Thus, in the aftermath of the war, both nations, brokered by the "guarantors" of the Rio Protocol, entered into a long and difficult negotiation process that concluded with the signing of a Peace Treaty in 1998, and the closing of the hitherto un-demarcated stretch of common border, deep in the Amazonian rainforest.

Disputed border

Following the Ecuadorian-Peruvian war of 1941, both countries had signed in 1942 a Peace Treaty known as the Rio Protocol. This treaty — brokered by the USA, Brazil, Chile, and Argentina, which became known as the "guarantors" of the peace settlement — had the main purpose of defining the hitherto badly defined borders between Ecuador and Peru. The process of demarcation, begun in mid-1942, came to a halt in 1948, when populist Ecuadorian President José María Velasco Ibarra declared the Protocol impossible to implement in the area of the Cordillera del Cóndor, claiming inconsistencies between the instructions of the Protocol and the geographical realities on the ground.

Peru contested this view, stating that such discrepancies had already been solved in an arbitration that had taken place in 1945, and that all that had to be done was to close the border following the guidelines of the Protocol and the ruling of the 1945 arbitration

By the beginning of the 1950s, the situation had come to a deadlock. For the next 46 years, a 78 km-long strip of mostly unpopulated, and little explored territory, deep in the Amazonian rainforest and almost inaccessible by land, was left undemarcated, serving as a flashpoint for recurrent diplomatic and military crisis between Ecuador and Peru. While Peru held to the view that the border in the undermarcated area ran along the heights of the Condor range, Ecuador insisted that there was no technical basis for considering that mountain range as the border between the two nations, hinting at the idea that the spirit of the Protocol, which had never mentioned the Cóndor range by name, would require the location of the border markers along the Cenepa river, immediately to the east of the range.

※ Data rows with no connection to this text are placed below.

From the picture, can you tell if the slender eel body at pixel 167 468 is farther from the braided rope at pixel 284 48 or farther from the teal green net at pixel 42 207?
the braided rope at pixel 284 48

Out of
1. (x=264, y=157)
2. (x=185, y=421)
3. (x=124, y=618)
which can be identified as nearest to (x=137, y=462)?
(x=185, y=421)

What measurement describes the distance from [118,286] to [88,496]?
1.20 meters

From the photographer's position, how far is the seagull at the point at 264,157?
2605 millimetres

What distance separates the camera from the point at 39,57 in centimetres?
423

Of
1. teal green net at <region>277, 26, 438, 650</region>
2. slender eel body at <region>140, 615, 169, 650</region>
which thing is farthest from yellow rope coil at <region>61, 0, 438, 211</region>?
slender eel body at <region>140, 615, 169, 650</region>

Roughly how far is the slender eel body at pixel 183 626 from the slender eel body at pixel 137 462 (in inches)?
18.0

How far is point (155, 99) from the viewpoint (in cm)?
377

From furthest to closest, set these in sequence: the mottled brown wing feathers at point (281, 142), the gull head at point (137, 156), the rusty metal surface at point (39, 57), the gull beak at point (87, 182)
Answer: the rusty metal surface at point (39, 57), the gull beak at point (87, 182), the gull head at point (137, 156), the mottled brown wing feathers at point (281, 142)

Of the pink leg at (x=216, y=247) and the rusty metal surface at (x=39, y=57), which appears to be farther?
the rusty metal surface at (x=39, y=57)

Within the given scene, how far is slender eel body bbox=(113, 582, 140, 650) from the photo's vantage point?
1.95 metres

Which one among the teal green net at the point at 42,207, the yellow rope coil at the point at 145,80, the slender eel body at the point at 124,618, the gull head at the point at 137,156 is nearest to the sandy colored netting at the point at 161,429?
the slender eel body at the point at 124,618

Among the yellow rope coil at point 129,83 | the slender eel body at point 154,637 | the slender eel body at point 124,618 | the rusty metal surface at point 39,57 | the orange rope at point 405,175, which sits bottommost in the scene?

The Ecuadorian stance had a symbolic meaning of its own: the Cenepa river was a small tributary of the Marañón river, in turn a tributary of the Amazon river, to which Ecuador had always claimed the right for a sovereign access.

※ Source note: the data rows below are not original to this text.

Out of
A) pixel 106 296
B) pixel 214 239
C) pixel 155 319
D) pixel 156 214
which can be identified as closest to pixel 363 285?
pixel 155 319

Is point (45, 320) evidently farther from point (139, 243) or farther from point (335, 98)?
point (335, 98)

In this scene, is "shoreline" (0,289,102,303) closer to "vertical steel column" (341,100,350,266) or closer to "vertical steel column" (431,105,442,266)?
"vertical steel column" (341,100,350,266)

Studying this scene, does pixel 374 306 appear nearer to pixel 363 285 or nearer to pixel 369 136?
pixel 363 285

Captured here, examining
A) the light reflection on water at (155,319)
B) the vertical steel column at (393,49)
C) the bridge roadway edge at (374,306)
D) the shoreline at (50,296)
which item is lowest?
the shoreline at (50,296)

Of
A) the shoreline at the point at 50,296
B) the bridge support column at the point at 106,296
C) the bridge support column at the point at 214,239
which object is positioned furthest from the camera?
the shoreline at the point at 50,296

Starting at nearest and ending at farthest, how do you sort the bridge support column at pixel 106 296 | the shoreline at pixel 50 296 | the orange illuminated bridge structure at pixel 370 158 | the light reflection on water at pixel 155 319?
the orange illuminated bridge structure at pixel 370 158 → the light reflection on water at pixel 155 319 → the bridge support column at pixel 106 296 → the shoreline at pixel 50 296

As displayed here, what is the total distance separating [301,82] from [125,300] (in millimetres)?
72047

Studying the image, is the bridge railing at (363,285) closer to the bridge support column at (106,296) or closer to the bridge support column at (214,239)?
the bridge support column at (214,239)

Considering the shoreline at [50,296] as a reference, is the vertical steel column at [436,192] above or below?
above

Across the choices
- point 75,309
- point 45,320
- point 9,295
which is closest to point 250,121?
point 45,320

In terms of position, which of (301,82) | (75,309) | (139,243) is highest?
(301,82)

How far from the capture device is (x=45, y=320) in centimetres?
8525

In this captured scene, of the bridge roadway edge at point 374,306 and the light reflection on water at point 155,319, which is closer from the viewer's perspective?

Events leading up to the war

Just as in the Paquisha Incident of 1981, the Cenepa War was caused by the installation by Ecuador, since 1994, of border outposts on the Cenepa River basin in eastern Cordillera del Condor (territory of Peru), with the names of Cueva de los Tayos, Base Sur and Tiwinza (see the map shown in infobox).

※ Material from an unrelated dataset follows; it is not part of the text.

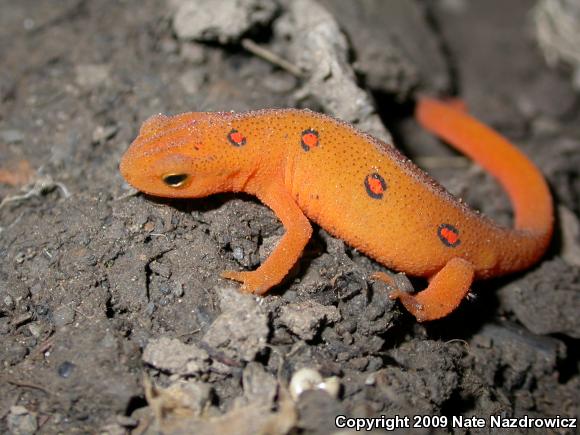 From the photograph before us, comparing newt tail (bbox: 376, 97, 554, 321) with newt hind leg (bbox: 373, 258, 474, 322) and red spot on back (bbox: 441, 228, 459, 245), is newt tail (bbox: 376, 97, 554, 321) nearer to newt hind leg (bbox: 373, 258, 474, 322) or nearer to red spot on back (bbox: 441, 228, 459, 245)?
newt hind leg (bbox: 373, 258, 474, 322)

Tensions along the Condor range had been running high following a crisis that arose in July 1991 over the location of a Peruvian outpost called "Pachacútec" (Pachacútec Incident) inside a zone that, while 60 km north of the delimited and undemarcated area, had its own problems regarding the location of a single border marker (see map). Ecuador had protested over the location of "Pachacútec" since it was, according to Ecuador, inside Ecuadorian territory, and went on to set up an outpost of its own ("Etza") right in front of it.[8] For Peru, there was no question that both "Pachacútec" and "Etza" were inside Peruvian territory. Although the crisis was defused the following month with the signing of a Pacto de Caballeros (gentlemen's agreement), by which both sides committed themselves to abandon these posts and separate their forces, the aftermath of the incident saw both countries accusing each other of violating the accord and reinforcing their military presence in the delimited and undemarcated area.

New crisis

Still, for the next three years, tensions were kept at manageable levels. Apart from the uneasy encounters between rival patrols, which sometimes included brief exchanges of fire, most commonly every January (anniversary of the signing of the Rio Protocol), no serious incidents happened.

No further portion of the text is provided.